Cruzar o borrar la línea que debe, necesariamente, separar a la política del delito suele ser una práctica comúnmente aceptada, cuando se trata de defender los intereses de esa nación, en todos los órdenes de gobierno de los Estados Unidos y especialmente en sus agencias de seguridad nacional, de inteligencia y de combate a las drogas o al trasiego de armas.
Negociar acuerdos económicos, judiciales o de cambio de identidad y de relocalización en libertad con los peores delincuentes, penetrar organizaciones criminales o incluso terroristas hasta el grado de fundirse con ellas, traficar con armas de guerra, explosivos o sustancias peligrosas, perpetrar masacres, asesinatos o secuestros en cualquier lugar del mundo y mantener sitios de detención y tortura fuera y dentro del territorio estadunidense son parte del amplio abanico de “cosas repugnantes” para las que en “por un bien mayor: la defensa del estilo de vida norteamericano y la democracia” (de su democracia) esta siempre preparado y listo para actuar, ante cualquier amenaza real o imaginaria, nuestro vecino del norte.
Solo a veces, cuando es mediática y políticamente rentable asumir la responsabilidad de una de estas acciones el presidente de los Estados Unidos reconoce que esta en efecto se produjo y llega a asumirse, incluso, como autor de la misma. Lo cierto es que desde que se emitió, en 1954, la directriz ejecutiva para la realización de operaciones encubiertas firmada por el entonces presidente Dwight Eisenhower se estableció en ella que las agencias encargadas de la mismas no informarían al Ejecutivo.

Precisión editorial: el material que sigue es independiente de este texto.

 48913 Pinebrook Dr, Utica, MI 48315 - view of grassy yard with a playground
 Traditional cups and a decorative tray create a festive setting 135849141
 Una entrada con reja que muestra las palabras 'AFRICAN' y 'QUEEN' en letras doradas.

Protegido por su propia ignorancia, al no saber lo que hacen sus manos, quedó así desde entonces —vaya paradoja— el hombre más poderoso de la tierra.
Al declarar en 1971 la guerra contra las drogas, Richard Nixon extendió a la DEA la misma patente de corso que, en el colmo de la paranoia anticomunista, había extendido antes Eisenhower a la CIA. Otro tanto hizo Ronald Reagan y se produjo entonces el comportamiento errático y contradictorio que Washington mantiene hasta nuestros días y que ha provocado que se derrame sangre a raudales; mientras una agencia trafica drogas (en Vietnam, en Nicaragua o en Afganistán) para financiar sus intervenciones militares, la otra se lanza a la cacería de capos de la droga por todo el mundo.

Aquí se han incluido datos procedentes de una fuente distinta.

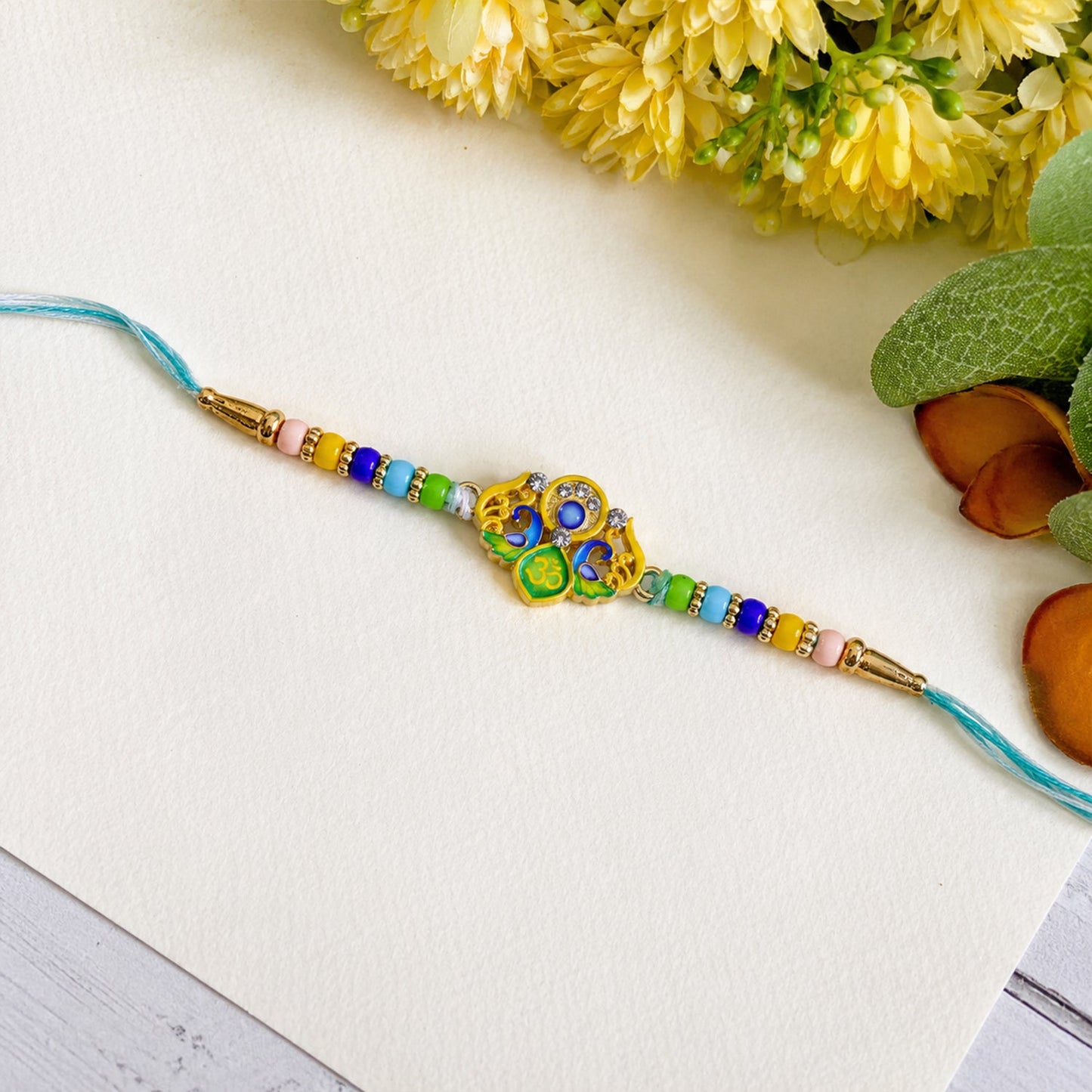 Peacock Design Rakhi with beads on soft thread for brother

No contuvo la expansión del consumo de drogas en los Estados Unidos la eliminación de Pablo Escobar o de otros capos legendarios. Tampoco sirvieron para el mismo propósito el juicio del El Chapo Guzmán, el de Genaro García Luna quien era colaborador cercano de la agencia y los de otros muchos criminales y menos todavía, como sucedió con la operación “rápido y furioso”, el venderles armas a los cárteles. Que hoy tengan en su poder al Mayo Zambada no impedirá que el fentanilo siga matando a sus jóvenes.
¿Cómo habría de impedirlo si a los verdaderos dueños del mercado no se les molesta? ¿Si allá a los cárteles estadunidenses y a los policías y jueces corruptos que los protegen nadie los toca y en los medios de ellos jamás se habla? ¿Cómo si el dinero de la droga, el de la venta de armas y los apoyos militares a los gobiernos oxigenan a la economía norteamericana? ¿Cómo si la guerra contra la droga —en la que ellos ponen los dólares y las armas y nosotros los muertos— ha colocado, desde hace décadas, a nuestro país en situación de vulnerabilidad extrema y permitido a Washington someterlos con más facilidad?

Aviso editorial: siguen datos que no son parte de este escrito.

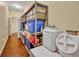 Organized storage room with shelving units and containers at 214 Forest Park Ln, Lady Lake, FL 32159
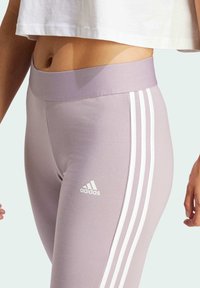 Lila leggingi iz raztegljivega materiala, s visokim pasom in tremi belimi črtami ob straneh ter majhnim logotipom na stegnu.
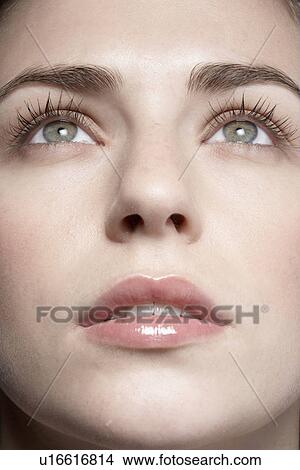 Young woman looking up, close-up View Large Photo Image Picture - Young woman looking up, close-up. Fotosearch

Hizo bien Andrés Manuel López Obrador en sacar a la DEA de nuestra patria. Hará bien Claudia Sheinbaum en no tolerar que vuelvan de nuevo. Bien ganado tienen los dos el odio de esa agencia que actúa como un cártel de la droga más y el odio de los periodistas, que, a su servicio, no cesarán de esparcir calumnias. Quieren guerra, que la libren allá en su propio territorio y contra ese enemigo que descubrirán mirándose al espejo.